> _Saved entries_
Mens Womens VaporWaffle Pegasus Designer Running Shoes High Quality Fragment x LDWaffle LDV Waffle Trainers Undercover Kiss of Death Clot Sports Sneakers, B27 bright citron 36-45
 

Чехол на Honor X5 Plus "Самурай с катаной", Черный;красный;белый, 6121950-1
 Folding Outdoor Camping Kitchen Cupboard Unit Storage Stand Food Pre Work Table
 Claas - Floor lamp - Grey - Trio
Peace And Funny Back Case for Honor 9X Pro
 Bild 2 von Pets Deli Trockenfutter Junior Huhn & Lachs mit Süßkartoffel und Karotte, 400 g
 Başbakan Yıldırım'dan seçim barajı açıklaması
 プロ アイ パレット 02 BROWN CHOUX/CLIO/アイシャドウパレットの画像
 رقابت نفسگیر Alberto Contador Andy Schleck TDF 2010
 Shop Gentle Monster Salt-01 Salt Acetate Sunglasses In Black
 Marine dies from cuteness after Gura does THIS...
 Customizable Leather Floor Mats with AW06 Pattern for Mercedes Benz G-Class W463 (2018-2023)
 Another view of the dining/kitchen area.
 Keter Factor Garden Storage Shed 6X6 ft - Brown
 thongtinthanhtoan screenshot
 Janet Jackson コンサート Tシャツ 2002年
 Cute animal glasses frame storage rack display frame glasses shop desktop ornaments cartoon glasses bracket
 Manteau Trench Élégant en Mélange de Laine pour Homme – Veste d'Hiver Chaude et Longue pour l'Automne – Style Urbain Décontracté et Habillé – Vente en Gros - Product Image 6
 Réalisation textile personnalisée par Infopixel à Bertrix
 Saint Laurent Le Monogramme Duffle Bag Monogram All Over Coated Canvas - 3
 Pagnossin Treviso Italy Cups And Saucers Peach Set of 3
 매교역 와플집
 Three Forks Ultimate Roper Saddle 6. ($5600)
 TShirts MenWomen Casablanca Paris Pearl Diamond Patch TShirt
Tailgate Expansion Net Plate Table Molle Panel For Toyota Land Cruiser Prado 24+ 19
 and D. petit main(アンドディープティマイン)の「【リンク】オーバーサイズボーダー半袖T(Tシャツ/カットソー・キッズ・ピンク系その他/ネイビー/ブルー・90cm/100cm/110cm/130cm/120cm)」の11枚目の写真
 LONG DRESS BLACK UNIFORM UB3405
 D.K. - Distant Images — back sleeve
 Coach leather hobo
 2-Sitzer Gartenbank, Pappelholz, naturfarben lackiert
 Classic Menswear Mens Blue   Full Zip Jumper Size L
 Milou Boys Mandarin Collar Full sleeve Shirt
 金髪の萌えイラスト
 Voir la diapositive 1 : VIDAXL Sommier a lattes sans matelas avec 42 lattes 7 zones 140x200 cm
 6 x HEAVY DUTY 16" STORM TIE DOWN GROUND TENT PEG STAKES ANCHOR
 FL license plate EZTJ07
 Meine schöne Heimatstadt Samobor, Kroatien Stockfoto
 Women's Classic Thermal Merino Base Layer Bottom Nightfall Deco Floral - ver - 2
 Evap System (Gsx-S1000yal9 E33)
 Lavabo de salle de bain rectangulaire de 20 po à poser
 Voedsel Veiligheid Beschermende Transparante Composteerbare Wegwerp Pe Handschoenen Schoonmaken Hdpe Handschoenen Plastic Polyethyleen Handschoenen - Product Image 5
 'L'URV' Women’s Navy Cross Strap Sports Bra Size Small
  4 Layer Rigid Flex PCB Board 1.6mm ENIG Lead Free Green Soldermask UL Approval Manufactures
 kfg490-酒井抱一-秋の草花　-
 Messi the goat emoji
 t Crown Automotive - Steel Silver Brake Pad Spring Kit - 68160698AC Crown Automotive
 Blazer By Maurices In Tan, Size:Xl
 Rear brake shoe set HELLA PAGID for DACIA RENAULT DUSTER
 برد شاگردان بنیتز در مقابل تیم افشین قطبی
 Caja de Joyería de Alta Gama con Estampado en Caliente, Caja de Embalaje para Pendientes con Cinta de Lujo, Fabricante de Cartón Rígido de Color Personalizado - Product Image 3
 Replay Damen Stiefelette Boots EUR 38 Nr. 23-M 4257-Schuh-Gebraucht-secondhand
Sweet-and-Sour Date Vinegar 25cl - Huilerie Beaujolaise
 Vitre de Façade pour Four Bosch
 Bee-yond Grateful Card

> _Problem statement_
Could you set down, word for word, only the lines above from the line with "Pagnossin Treviso Italy" to the line with "Evap System (Gsx-S1000yal9 E33)", including both?

> _Finished task_
 Pagnossin Treviso Italy Cups And Saucers Peach Set of 3
 매교역 와플집
 Three Forks Ultimate Roper Saddle 6. ($5600)
 TShirts MenWomen Casablanca Paris Pearl Diamond Patch TShirt
Tailgate Expansion Net Plate Table Molle Panel For Toyota Land Cruiser Prado 24+ 19
 and D. petit main(アンドディープティマイン)の「【リンク】オーバーサイズボーダー半袖T(Tシャツ/カットソー・キッズ・ピンク系その他/ネイビー/ブルー・90cm/100cm/110cm/130cm/120cm)」の11枚目の写真
 LONG DRESS BLACK UNIFORM UB3405
 D.K. - Distant Images — back sleeve
 Coach leather hobo
 2-Sitzer Gartenbank, Pappelholz, naturfarben lackiert
 Classic Menswear Mens Blue   Full Zip Jumper Size L
 Milou Boys Mandarin Collar Full sleeve Shirt
 金髪の萌えイラスト
 Voir la diapositive 1 : VIDAXL Sommier a lattes sans matelas avec 42 lattes 7 zones 140x200 cm
 6 x HEAVY DUTY 16" STORM TIE DOWN GROUND TENT PEG STAKES ANCHOR
 FL license plate EZTJ07
 Meine schöne Heimatstadt Samobor, Kroatien Stockfoto
 Women's Classic Thermal Merino Base Layer Bottom Nightfall Deco Floral - ver - 2
 Evap System (Gsx-S1000yal9 E33)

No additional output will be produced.